Os fabricantes de máquinas e equipamentos elétricos viram seu déficit duplicar em 2010 frente ao resultado dos últimos dois anos, atingindo US$ 4,2 bilhões no acumulado do ano até setembro. Já os produtores de máquinas e equipamentos mecânicos tiveram um saldo 31,4% pior neste ano que em igual período de 2009, registrando déficit de US$ 8,9 bilhões no acumulado de 2010.

As importações em alta também atingem o miolo da cadeia produtiva, os bens intermediários. O saldo comercial da indústria de produtos metálicos foi cortado pela metade duas vezes – dos US$ 8,9 bilhões de 2008 para os US$ 4,9 bilhões de 2009 e destes para os US$ 2,6 bilhões de 2010. “O fato de a economia estar crescendo muito joga uma cortina de fumaça sobre esse processo” diz o economista-chefe do Iedi.

Um exemplo é a indústria automobilística. As vendas internas de veículos aumentaram 10,8% no primeiro semestre deste ano frente a igual período de 2009, quando já havia aumentado 10% sobre o ano anterior. Os veículos importados, no entanto, vem ganhando maior peso no consumo interno – representavam 5% no primeiro semestre de 2005, e saltaram para 17% em igual período deste ano, segundo dados da Anfavea, associação do setor. As exportações também perdem força, tendo caído de 35% do total produzido entre janeiro e junho de 2005 para 20% em 2010.

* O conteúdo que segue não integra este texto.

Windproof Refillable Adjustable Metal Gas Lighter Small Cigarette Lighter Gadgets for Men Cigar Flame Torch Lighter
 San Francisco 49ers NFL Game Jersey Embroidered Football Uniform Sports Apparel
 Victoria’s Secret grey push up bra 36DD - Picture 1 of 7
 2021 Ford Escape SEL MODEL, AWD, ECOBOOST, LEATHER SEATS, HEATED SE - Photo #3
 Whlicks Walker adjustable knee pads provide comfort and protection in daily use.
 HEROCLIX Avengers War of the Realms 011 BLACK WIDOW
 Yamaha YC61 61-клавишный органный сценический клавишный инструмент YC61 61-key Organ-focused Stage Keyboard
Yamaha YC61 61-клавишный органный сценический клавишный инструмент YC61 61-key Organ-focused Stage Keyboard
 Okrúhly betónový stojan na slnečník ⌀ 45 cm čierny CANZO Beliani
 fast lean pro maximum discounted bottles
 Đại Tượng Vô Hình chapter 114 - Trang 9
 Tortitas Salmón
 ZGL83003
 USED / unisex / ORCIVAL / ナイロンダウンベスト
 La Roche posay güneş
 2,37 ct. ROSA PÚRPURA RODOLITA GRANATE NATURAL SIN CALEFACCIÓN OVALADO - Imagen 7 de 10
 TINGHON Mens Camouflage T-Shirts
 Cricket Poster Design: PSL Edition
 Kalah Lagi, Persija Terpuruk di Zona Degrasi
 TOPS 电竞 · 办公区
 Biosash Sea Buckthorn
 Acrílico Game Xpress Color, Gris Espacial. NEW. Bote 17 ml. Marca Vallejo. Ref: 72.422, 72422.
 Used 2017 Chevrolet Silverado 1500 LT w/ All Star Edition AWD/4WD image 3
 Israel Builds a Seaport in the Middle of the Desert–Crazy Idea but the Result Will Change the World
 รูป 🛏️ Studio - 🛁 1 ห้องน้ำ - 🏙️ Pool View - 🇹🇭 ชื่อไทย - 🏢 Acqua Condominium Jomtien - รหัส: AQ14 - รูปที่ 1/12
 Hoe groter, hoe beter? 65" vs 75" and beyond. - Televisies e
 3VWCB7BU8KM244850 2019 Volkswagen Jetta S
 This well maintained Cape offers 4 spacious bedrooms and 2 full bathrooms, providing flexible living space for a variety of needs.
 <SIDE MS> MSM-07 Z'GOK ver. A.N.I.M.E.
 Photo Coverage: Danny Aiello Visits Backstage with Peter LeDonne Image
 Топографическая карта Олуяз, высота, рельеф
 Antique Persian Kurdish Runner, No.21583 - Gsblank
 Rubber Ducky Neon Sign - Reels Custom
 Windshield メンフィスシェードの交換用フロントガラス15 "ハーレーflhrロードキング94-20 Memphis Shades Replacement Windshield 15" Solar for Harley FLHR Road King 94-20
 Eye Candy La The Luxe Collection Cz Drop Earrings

“Isso é muito grave, quer dizer, quando passamos da importação de insumos para a importação de bens finais”, diz Nelson Marconi, economista da Fundação Getulio Vargas (FGV). Marconi destaca que as empresas no Brasil estão fazendo o “hedge produtivo” em relação ao câmbio. Ao mesmo tempo em que reduz as receitas de exportação, o câmbio valorizado diminui os custos com importação de insumos, que passam a ganhar o espaço antes ocupado por um fornecedor nacional. Para o economista, a importação de peças e insumos para produção ou montagem, “desmontam” a cadeia produtiva, enquanto a compra de bens finais do exterior “desindustrializa” diretamente, uma vez que uma fábrica deixa de produzir e passa a revender os bens comprados de fora.

“Falaram muito de uma mexicanização política no Brasil, sobre a perpetuação do PT no poder como o PRI no México, mas o que há de fato é uma mexicanização econômica do Brasil”, avalia Marconi, em referência ao processo pelo qual passou o México a partir de 1988, quando o governo de Salinas de Gortari permitiu uma forte valorização cambial, que barateou os importados, que passaram a ser “maquiados” pela indústria local.

Souza, do Iedi, avalia que a redução das taxas de juros resolveria dois problemas de uma vez. Não só reduziria a valorização do real, como diminuiria o diferencial com as taxas de juros internacionais, que estão próximas a zero em países como Estados Unidos e Japão – no Brasil, os juros básicos estão em 10,75% ao ano. “O industrial, lá fora, toma empréstimos a juro zero para investir e aumentar a produção, o que, por si só, já deixa o produto mais barato. Em seguida, ele aceita fazer todo tipo de promoção de preços, porque não há tantos compradores. Como competir com isso?”, questiona.